Jan Gympel

Hamburg hat das geringste Tramunfallrisiko

Jahrelang erforschten die deutschen Versicherer Unfälle mit Straßenbahnbeteiligung. Das für sie offenkundig überraschende Ergebnis: Schuld an solchen Unfällen sind meist Autofahrer oder Fußgänger. Die Schlussfolgerung: Bei der Tram muss sich manches ändern!?

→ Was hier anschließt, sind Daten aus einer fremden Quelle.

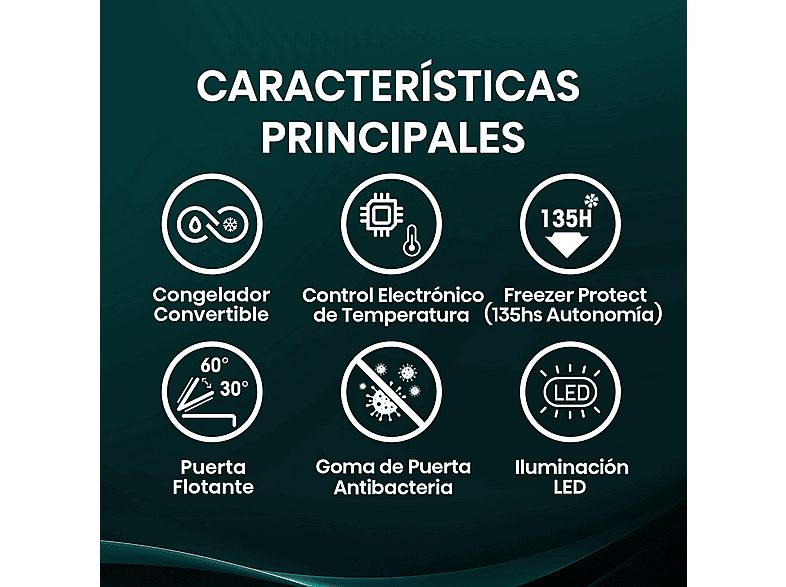 1:congelador-horizontal-hisense-ft321d4awle-248-l-88-cm-cesta-interior-blanco-1.jpg|2:congelador-horizontal-hisense-ft321d4awle-248-l-88-cm-cesta-interior-blanco-2.jpg|3:congelador-horizontal-hisense-ft321d4awle-248-l-88-cm-cesta-interior-blanco-3.jpg|4:c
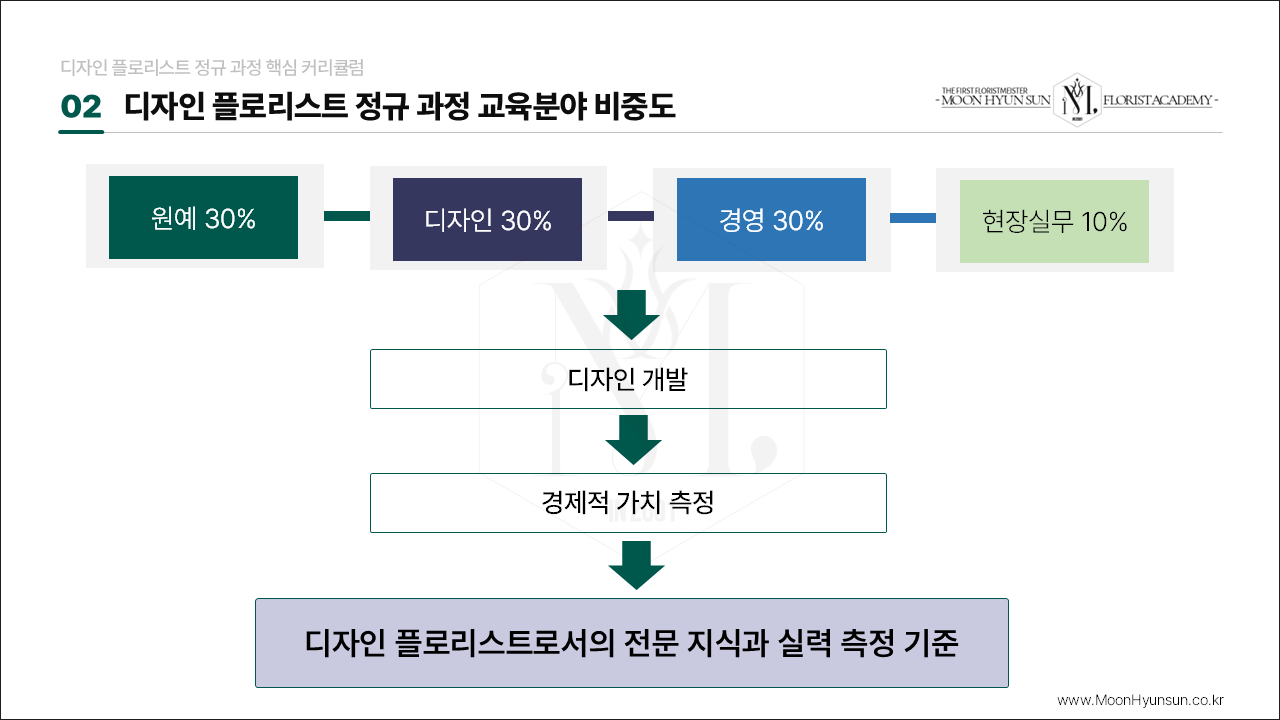 c0215bfa6d3f4046e6ac8b34beaff7e8_1734792626_226.PNG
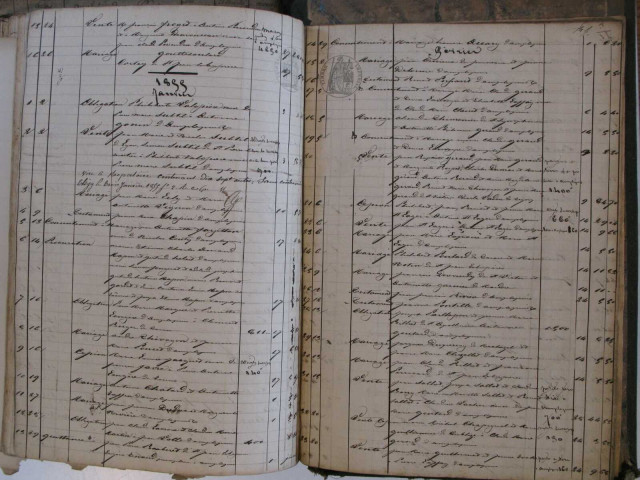 Répertoire chronologique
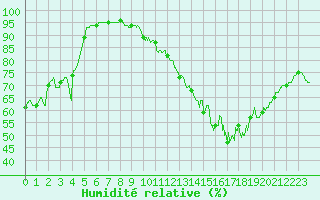 Courbe de l'humidit relative pour Mont-Saint-Vincent (71)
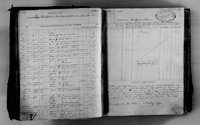 image of ledgers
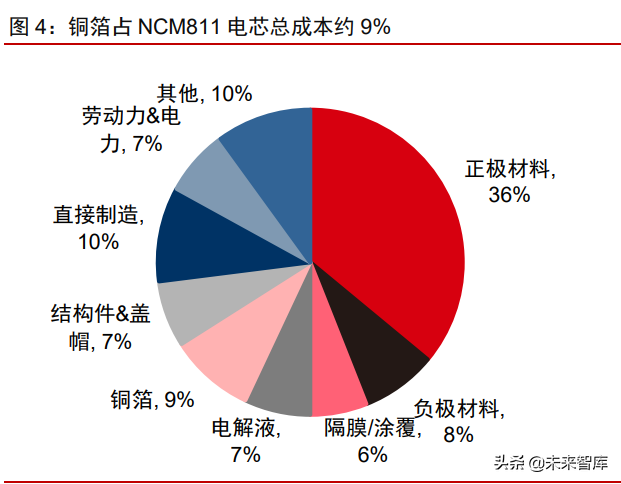 铜箔行业深度研究报告：铜箔的下半场，客户、供应链和产品迭代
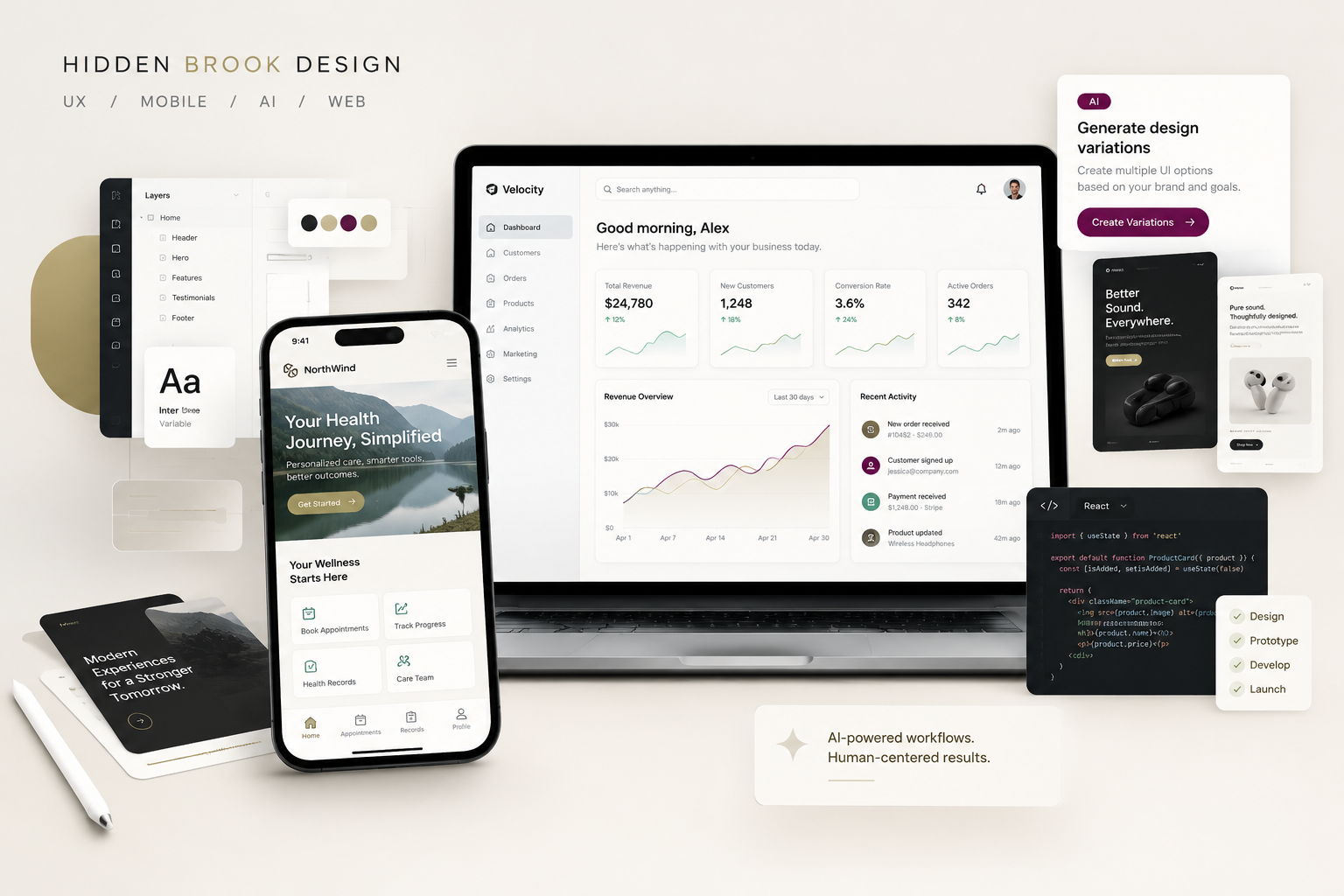 Illustrative composition of an enterprise dashboard, a native mobile app, and an AI-assisted design workflow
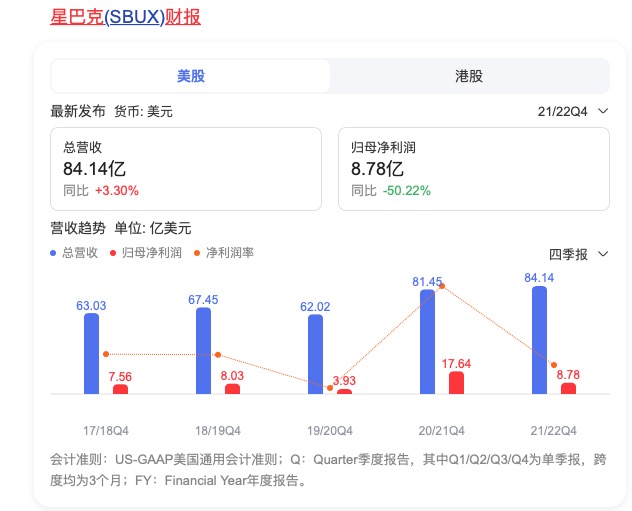 美国超100家星巴克员工罢工 美国有多少家星巴克 ？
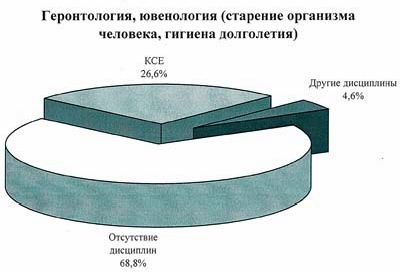 Claw.ru | Рефераты по физкультуре и спорту | Особенности обучения основам здоровьесбережения в неспециализированном вузе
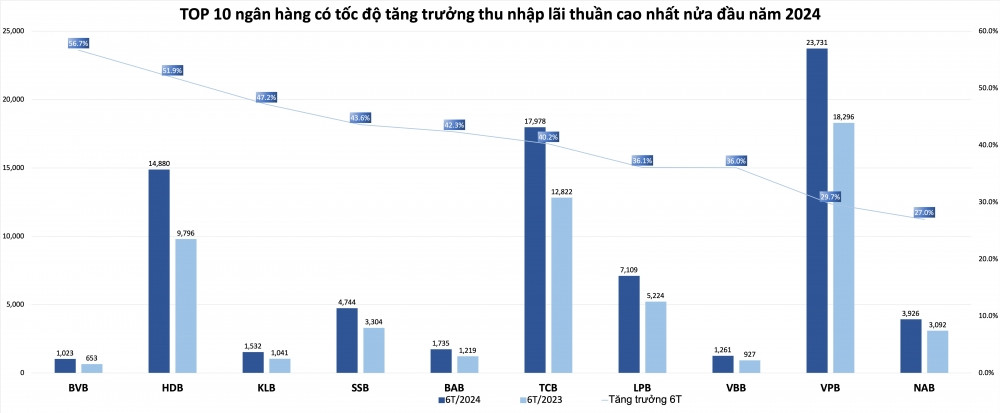 Top 10 ngân hàng có tốc độ tăng trưởng thu nhập lãi thuần cao nhất nửa đầu năm 2024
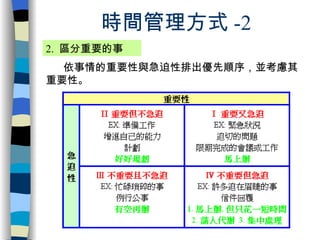 時間管理方式 -2 2.  區分重要的事 依事情的重要性與急迫性排出優先順序，並考慮其重要性。 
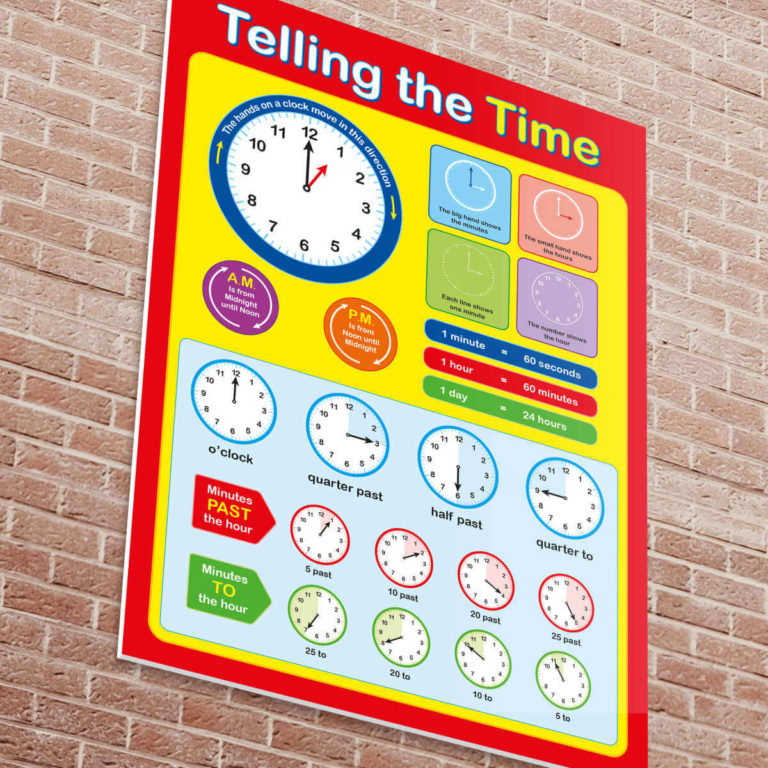 British History Timeline Poster for Schools - The School Sign Shop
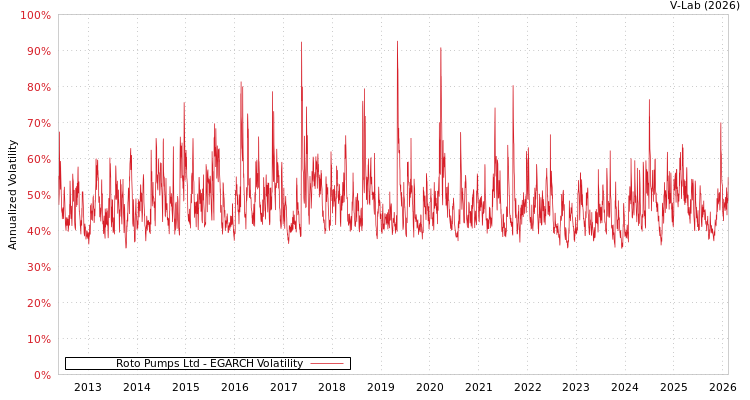 graph of Roto Pumps Ltd EGARCH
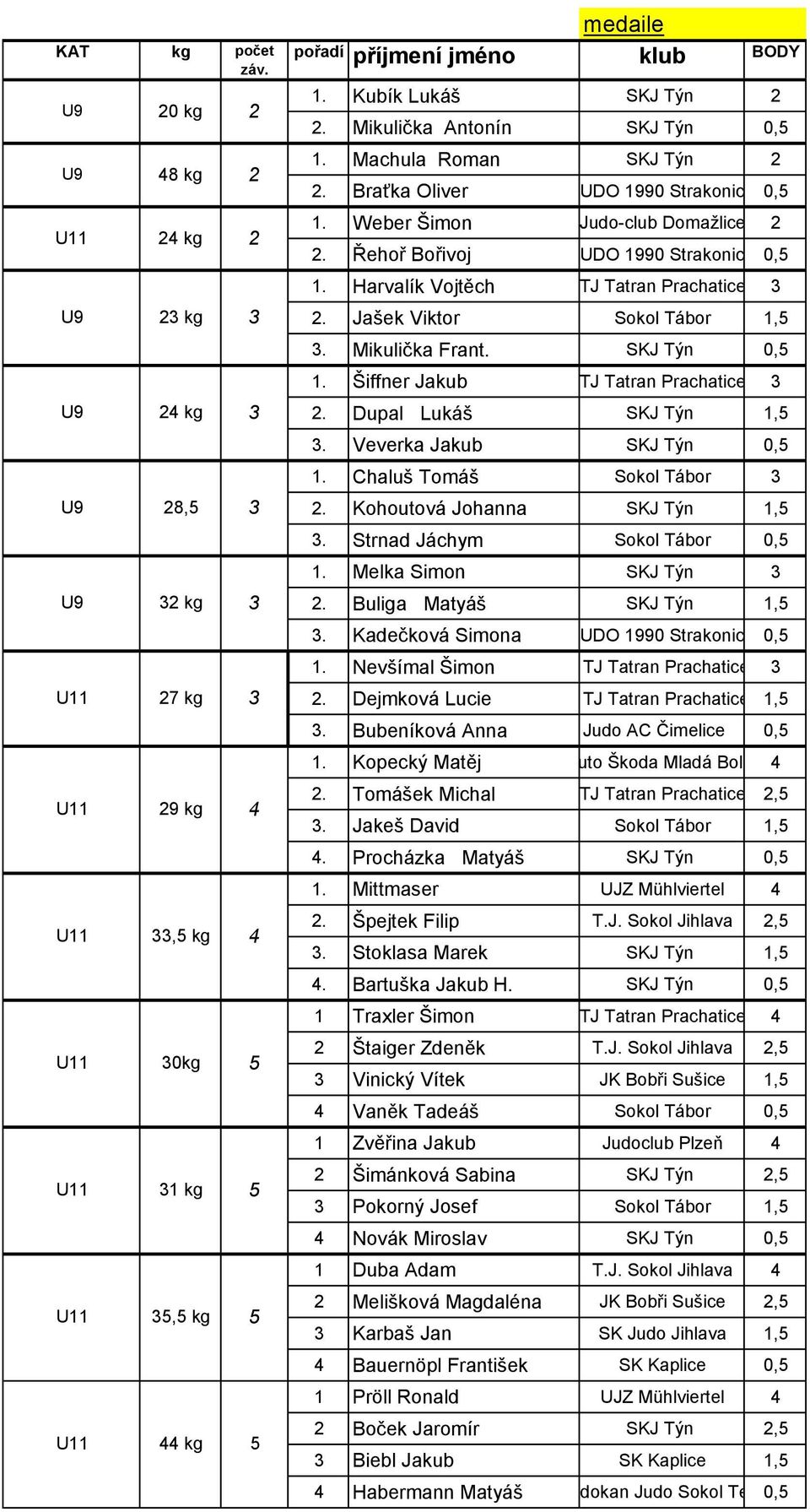 Šiffner Jakub TJ Tatran Prachatice 4 kg. Dupal Lukáš SKJ Týn,5. Veverka Jakub SKJ Týn 0,5. Chaluš Tomáš Sokol Tábor 8,5. Kohoutová Johanna SKJ Týn,5. Strnad Jáchym Sokol Tábor 0,5.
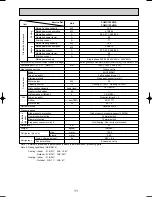 Предварительный просмотр 11 страницы Mitsubishi PUMY-125VM Technical & Service Manual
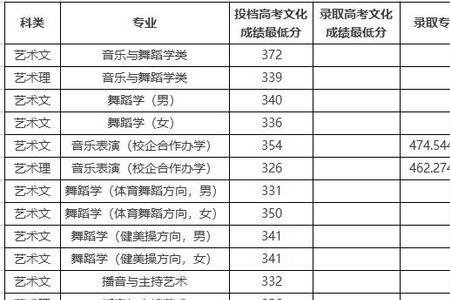 广州艺术学校录取分数是多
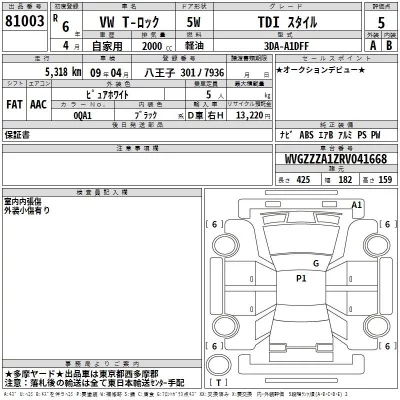 Volkswagen T-ROC  с аукциона в Японии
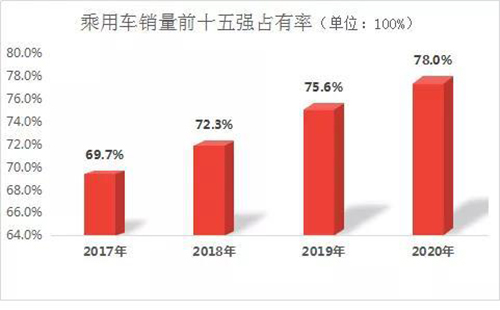 2021中国汽车风险点在哪儿？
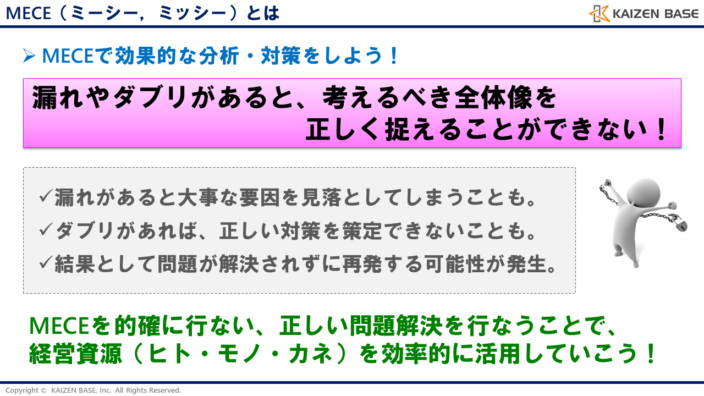 MECEで効果的な分析・対策をしよう！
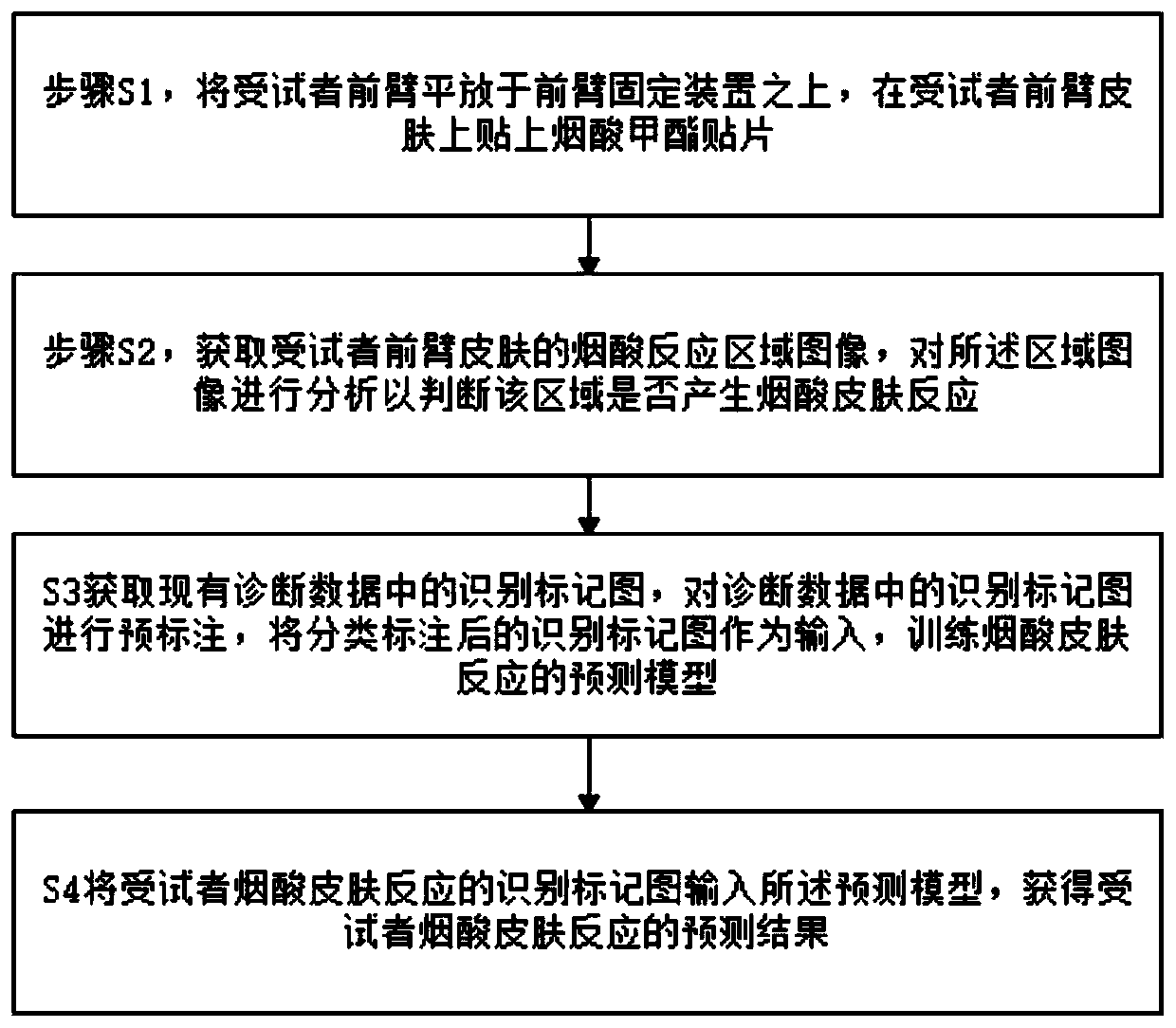 Nicotinic acid skin reaction image analysis method and equipment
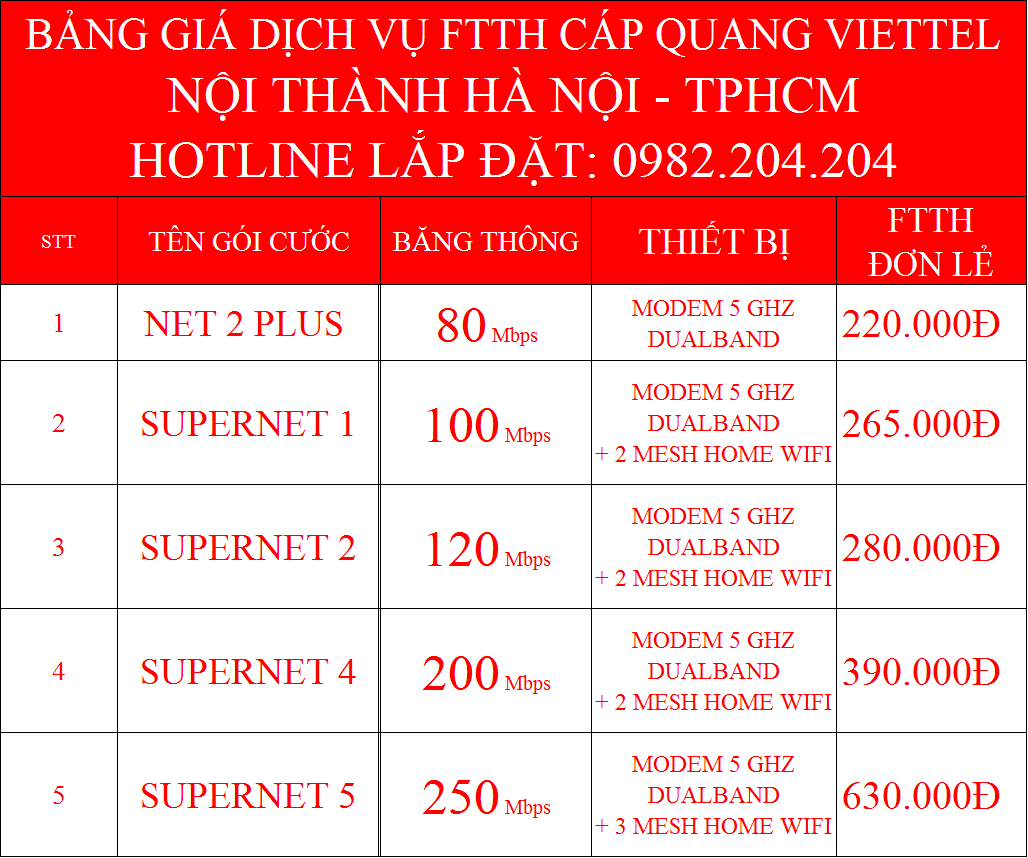 Lắp mạng Viettel nội thành Hà Nội TPHCM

2016 stellte der Gesamtverband der Deutschen Versicherungswirtschaft (GDV) eine Studie der „Unfallforschung der Versicherer (UDV)“ vor, deren wesentliche Ergebnisse auch sogleich von den Medien wiedergegeben wurden. In der Regel ohne viel über das Berichtete nachzudenken, es gar kritisch zu hinterfragen, sondern schlicht die Pressemitteilung umzuschreiben. Zumal diese mit „Unfallrisiko Straßenbahn“ eine schöne, da alarmierende Überschrift besaß. Der RBB schlagzeilte auf seiner Website denn auch sogleich: „In Berlin gibt es viele schwere Straßenbahnunfälle“.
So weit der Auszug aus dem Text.